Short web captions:
--- START ---

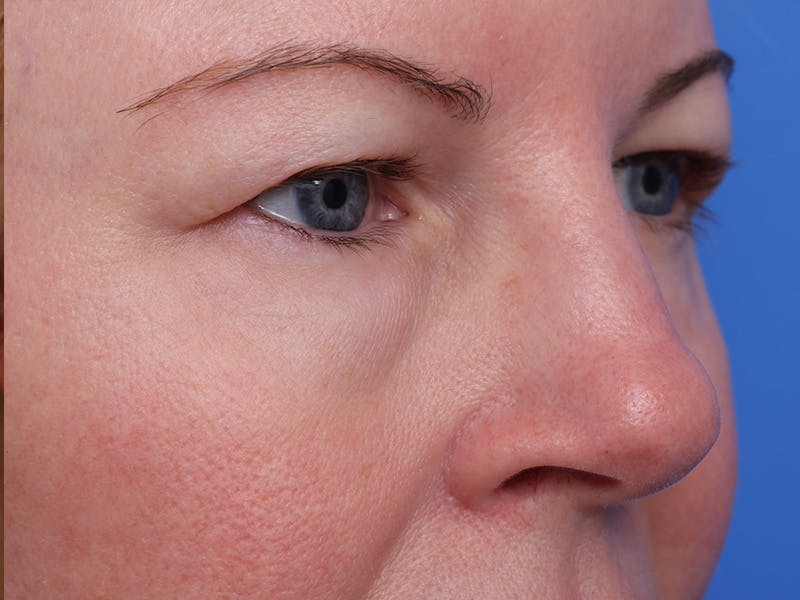 Deep Plane Facelift Before & After Gallery - Patient 316234 - Image 5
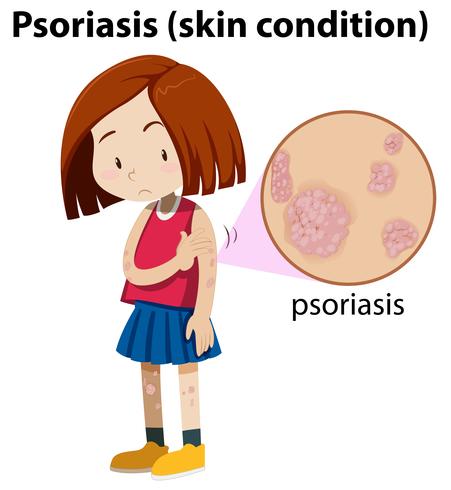 Chica joven con psoriasis magnificada vector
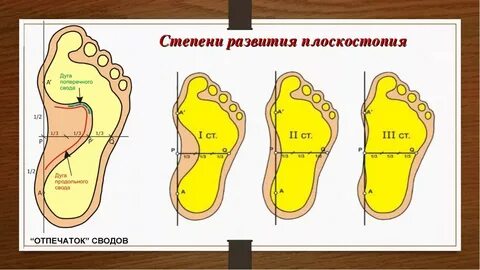 Характеристика плоскостопия москва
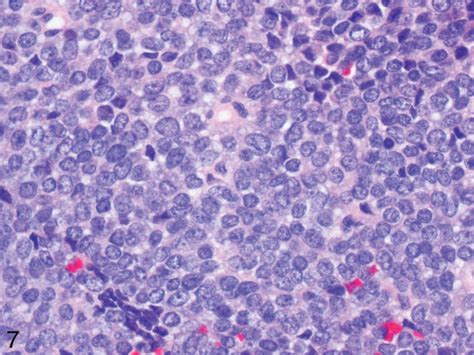 Ewing Sarcoma Histology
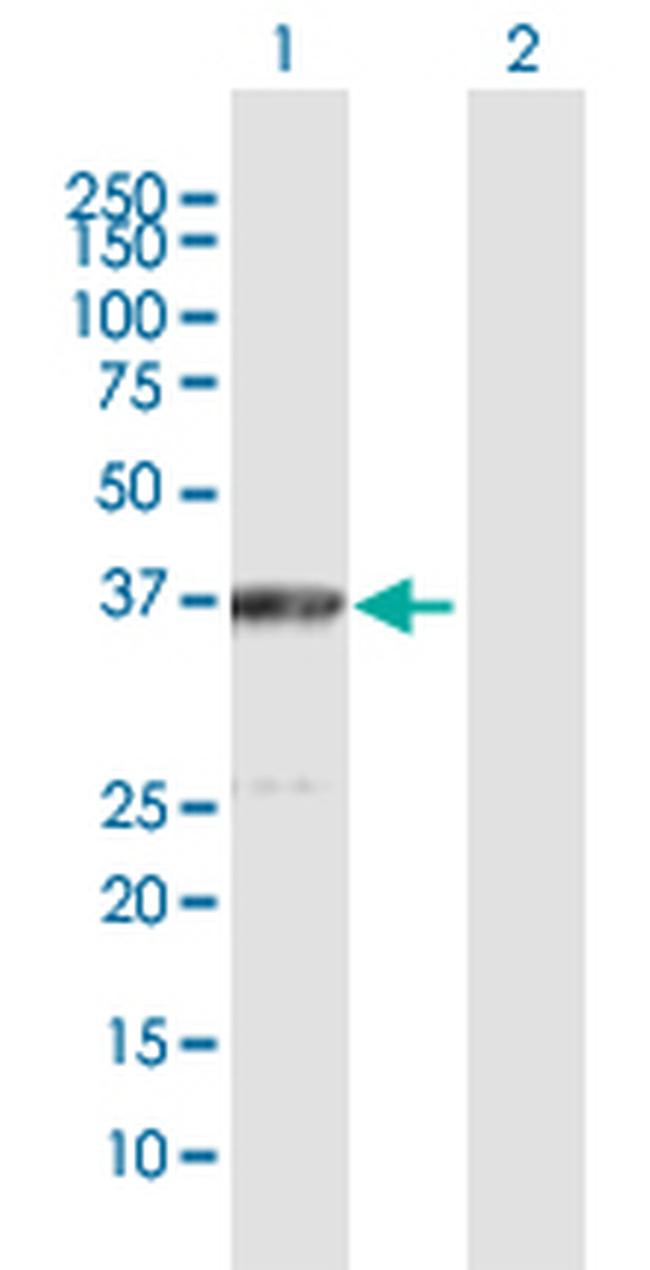 ACAT2 Antibody in Western Blot (WB)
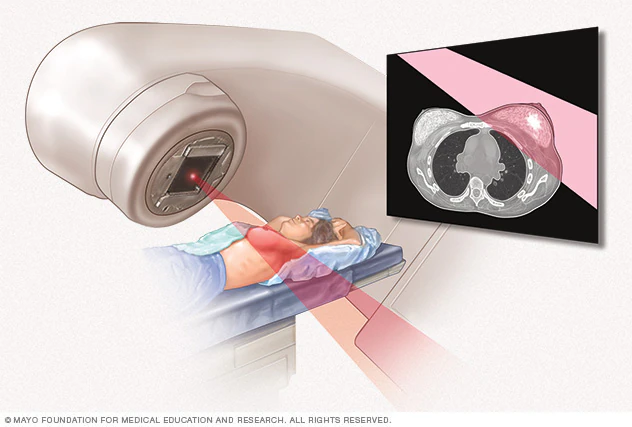 breast cancer radiation therapy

--- END ---

▶ [EXERCISE REQUIREMENTS]: Leave out the images and copy all remaining data word for word.

▶ [OUTPUT OF THE TASK]:
 Deep Plane Facelift Before & After Gallery - Patient 316234 - Image 5
 Chica joven con psoriasis magnificada vector
 Характеристика плоскостопия москва
 Ewing Sarcoma Histology
 ACAT2 Antibody in Western Blot (WB)
 breast cancer radiation therapy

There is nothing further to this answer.